Definite Integral problem: $\int_0^{\infty}\dfrac{e^{-sk}\sin (k x)}{k} \: dk$

Question

We're given : $\int_0^{\infty}e^{-sk}\sin (k x)\:dk$ = $\dfrac{x}{x^{2}+s^{2}}$

We need to evaluate : $\int_0^{\infty}\dfrac{e^{-sk}\sin (k x)}{k} \: dk$

I tried as follows : $\int_0^{\infty}\dfrac{e^{-sk}\sin (k x)}{k} \: dk$ = $\int_0^{\infty}\dfrac{1}{k} . \: (e^{-sk}\sin (k x))\: dk$

=> $\dfrac{1}{k} (\int e^{-sk}\sin (k x)\: dk)\: +\int[\dfrac{1}{k^2}(\int e^{-sk}\sin (k x)\: dk)]\: dk$

But that comes out to be zero.

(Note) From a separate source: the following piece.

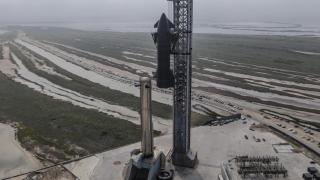 La Starship V3 es montada en el cohete Super Heavy antes de su lanzamiento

Can anyone tell what am I doing wrong ?

Answer 1

Assume $x>0,\,s>0$.

Then by differentiating the following identity with respect to $s$, $$ f(s)=\int_0^\infty {\frac{e^{−sk}} k}\sin(kx)\,dk $$ one obtains $$ f'(s)=-\int_0^\infty e^{−sk}\sin(kx)\,dk=-\frac{x}{x^2+ s^2} $$ which gives $$ f(s)=-\arctan \left( \frac{s}x\right)+C. $$ Observing that, as $s \to \infty$, $f(s) \to 0$, we then obtain $C=\dfrac\pi2$. Thus

$$ \int_0^\infty {\frac{e^{−sk}} k}\sin(kx)\,dk=\frac\pi2-\arctan \left( \frac{s}x\right), \qquad s>0,\,x>0. $$

The case $x<0$ is obtained with $\displaystyle \int_0^\infty {\frac{e^{−sk}} k}\sin(-kx)\,dk=-\int_0^\infty {\frac{e^{−sk}} k}\sin(kx)\,dk.$

Answer 2

One easy way to do it to notice that $$\frac{\partial}{\partial s}\int_0^{\infty}\dfrac{e^{-sk}sinkx}{k}=-\int_0^{\infty}e^{-sk}sinkx=-\dfrac{x}{x^{2}+s^{2}}$$ Then you just have to revert the derivative with respect to "s" $$-\int ds \dfrac{x}{x^{2}+s^{2}}=-\arctan(s/x)$$